The growing corporate interest in renting applications and infrastructure services over the Internet is driving the development of closer relationships between hardware vendors and service providers.
Compaq has become the latest vendor to announce a wide-ranging financial program targeted at companies that sell rented applications, systems management services, hardware storage and network bandwidth over the Internet.
Under the program, Compaq will commit more than $1.6 billion ($US1 billion) to the service provider market this year. Of that amount, roughly $1 billion ($US600 million) will be loaned to start-ups and established companies for equipment, storage, software and related purchases. About $600 million ($US400 million) is being earmarked for equity investments and partnerships with service providers.
Compaq's move comes as interest in outsourcing key information technology functions and technologies to service providers is on an upswing.
For instance, more than one third of IT and development managers at large companies expect to rent applications from application service providers this year, according to a survey conducted last December by Evans Marketing Services in the US.
The strongest support for renting came from the professional services sector, which includes the insurance, legal services and real estate markets, according to the survey.
"The fact of the matter is that service providers are hot," Joyce Tompsett-Becknell, an analyst at Aberdeen Group, commented. "As their infrastructure demands grow, they are going to need more servers" than are found at even some of the biggest corporate customers, she added.
Compaq is hardly alone in its efforts to team up with Internet companies.

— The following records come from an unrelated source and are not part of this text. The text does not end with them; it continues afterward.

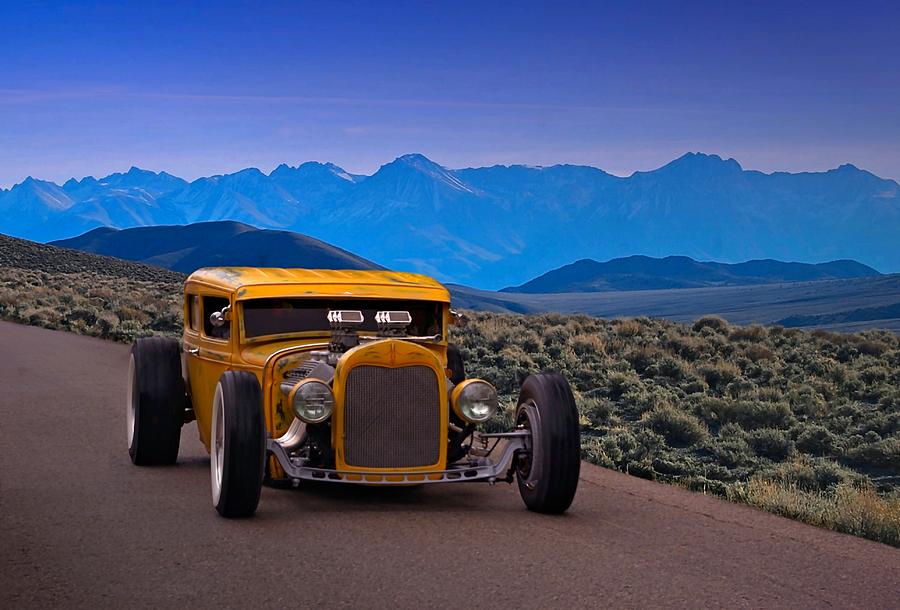 1931 Ford sedan rat rod sale #9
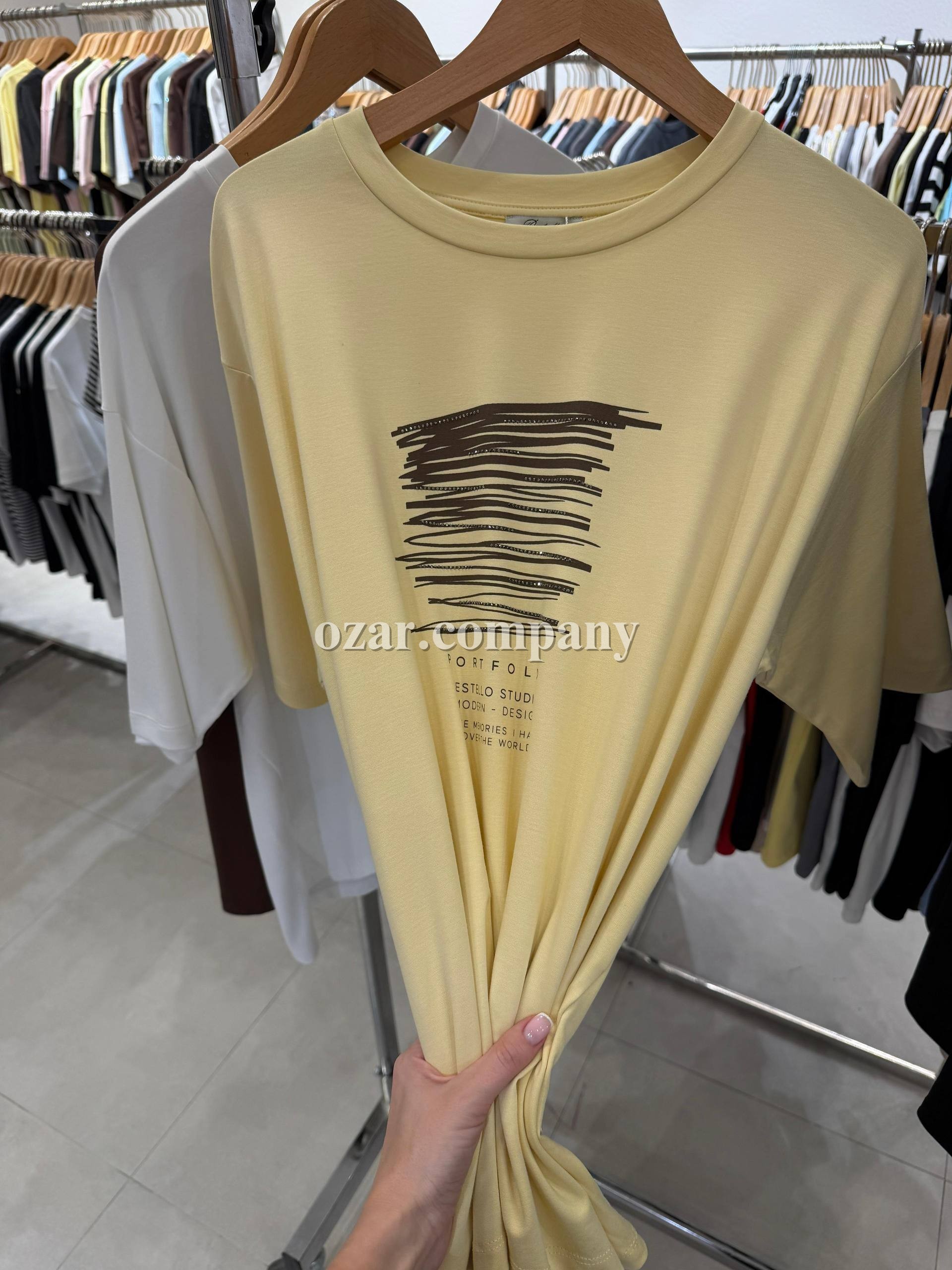 Женская Футболка Trikotto (Большие размеры)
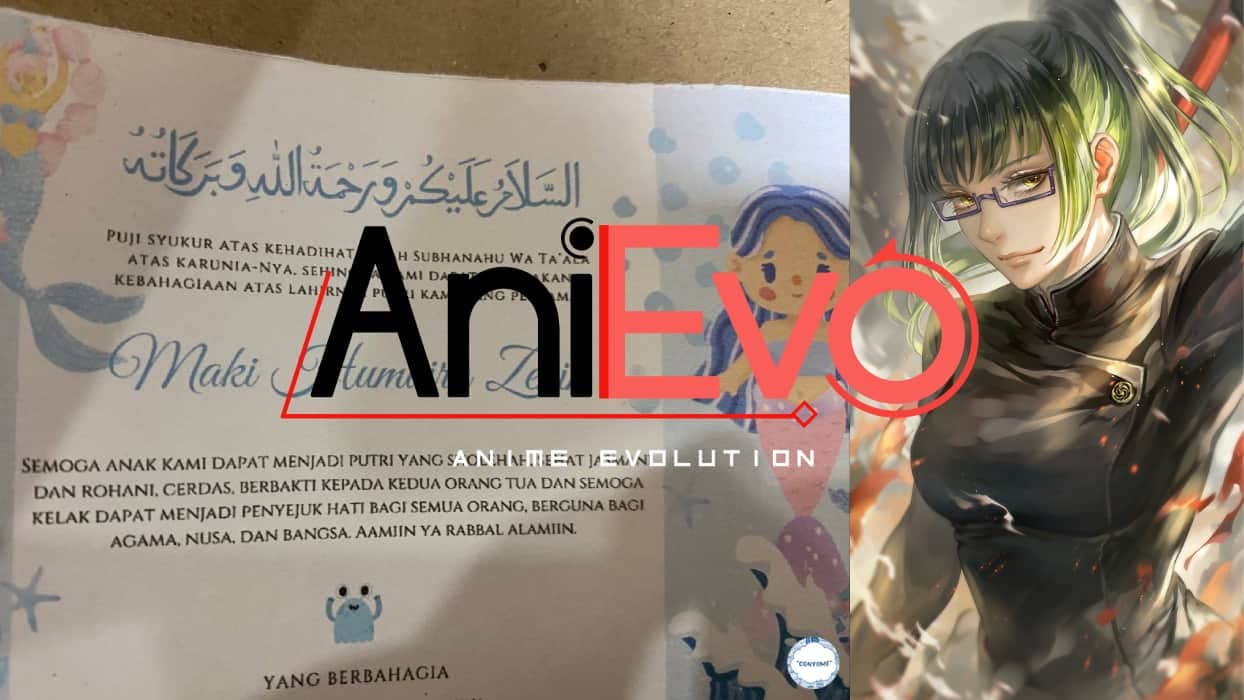 Trending Banget! Nama Keren ala Jujutsu Kaisen: Maki Zenin Bikin Kepo!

Rivals such as Sun Microsystems, IBM and Hewlett-Packard all offer similar programs for dot-com start-ups and Internet hosting companies (see story at right).
But Compaq's offering is broader in the sense that it targets not only application service providers and Internet providers but also network and infrastructure providers, according to Thomas Kucharvy, president of Summit Strategies, a US-based consultancy.
"Equity investments have become absolutely de rigueur" for vendors selling in the service provider space, Kucharvy said.
Conversely, having an equity partnership with an established vendor gives Internet companies that haven't had initial public offerings added credibility, he added.
"Secondly, they want the vendor they are buying from to have some skin in the game - to really have something tied to their ultimate gain," Kucharvy said.
Wooing the start-ups
Competition is hot amongst the major vendors as they scramble to grab a share of the burgeoning start-up market - and they're prepared to spend up big to attract a future eBay or Amazon.com:
* IBM established a $US500 million program to provide financing for IBM hardware, software and services to emerging Internet companies that have already completed their first round of venture capital financing.
* Sun Microsystems plunged $US300 million into its iForce' program which offers start-ups discounted products, financing terms, co-marketing efforts and advice.
* Hewlett-Packard upped its investment in the Garage' program for start-ups - an update of the e-services' plan announced a year ago - from $US1 billion to $US1.5 billion.